My bag was thrust under a bus, but before I could board, I spied another bus that looked more appealing. As I grabbed my bag, “This bus is leaving. That one is not going yet,” the packer belted out. I would realize about an hour later that his words may have been the only true words I heard all day. I settled, somewhat comfortably, into the front seat of the bus, a full view of the scrum at my feet, ready to roll.
“When are we leaving?” I asked the driver after some time. “In 5 – 10 minutes.” Right, “later,” I thought. He was waiting to fill the bus, the usual system here. Forget the idea of a schedule in Africa. But certainly the bus was full by now, I thought. So many people had clambered aboard, I was sure they must have been falling out the back door.

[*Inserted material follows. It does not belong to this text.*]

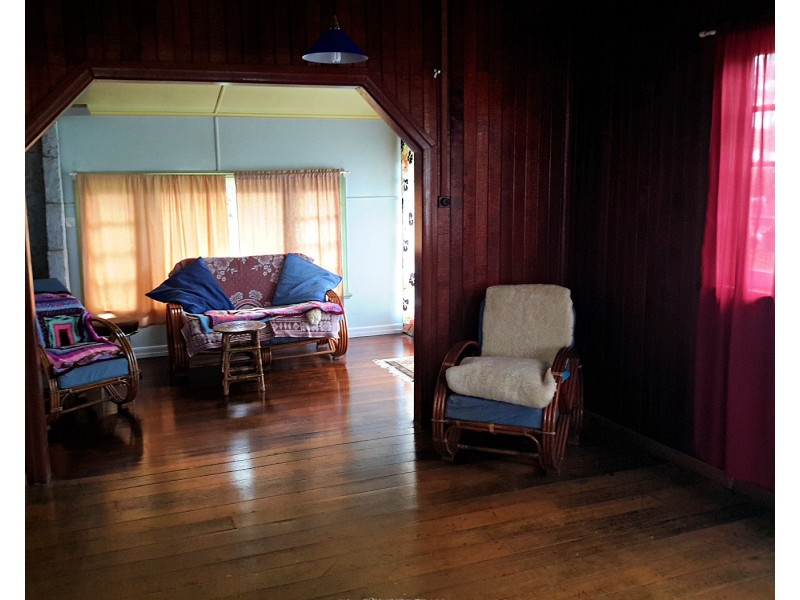 20 Herbert St, Ravenshoe QLD 4888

Finally, nearly an hour after I turned up at this zone of chaos, the bus jerked forward. Yeah! Then, infuriatingly, it stopped 10 meters later for another 15 minutes. Then movement again. At last, pot-holed pavement rolling beneath the wheels. Only 3 to 4 hours to go, no, don’t think about that, I reminded myself. Let time and all bodily functions go into hibernation, and awake blissfully from this hypnosis when I get there, if I get there.
Ten minutes later, the bus, now on the outskirts of town, pulled off the road behind another shabbier bus, something like an old school bus. I felt like Elaine in the scene from Seinfeld when she was on the packed stopping-and-starting subway with the lights going on and off. Like her, I was screaming inside my head, “Fuuuuuuuuuuuck!” The conductor barked out something in the local language and everyone, but me, stood up and started to scramble off the bus. “We don’t have enough people to send two busses,” the conductor told me. “Mother fuuuuuuu….!” So I scrambled too.
“But this bus is 95% full,” I thought. “And I’m comfortable here.” I was yanked from front seat and my zen-like mode into another bus. It was green. I like green, I thought. But mostly I was concerned my bag might disappear. Nope, there it is, now strapped to the roof of the new bus. I feared being cornered in the depths of the rear of the bus. Nope, I found a seat in the center next to a matronly woman dressed all in white. She had two cell phones.
As everyone re-settled in, I was actually impressed by the respect they seemed to have for one another. There was no pushing, no screaming, no cause for contemptuous words. Then, curiously, a woman with a cloth bag squeezed down the aisle on which was printed in English and Hebrew (yes! Hebrew!), “Jerusalem”.
Thou shalt arrive in Harare, safe and sound, I surmised. A Jew and a Jewish bag on the bus — we are NOT breaking down. Not today. We will not be stranded. But I was glad the lady next to me had not one, but two phones just in case. Or was that an inauspicious sign? I was confused.
So, the real journey finally started nearly two hours after I left the hotel. Now, after 10 a.m., Great Zimbabwe was getting smaller, Harare growing bigger.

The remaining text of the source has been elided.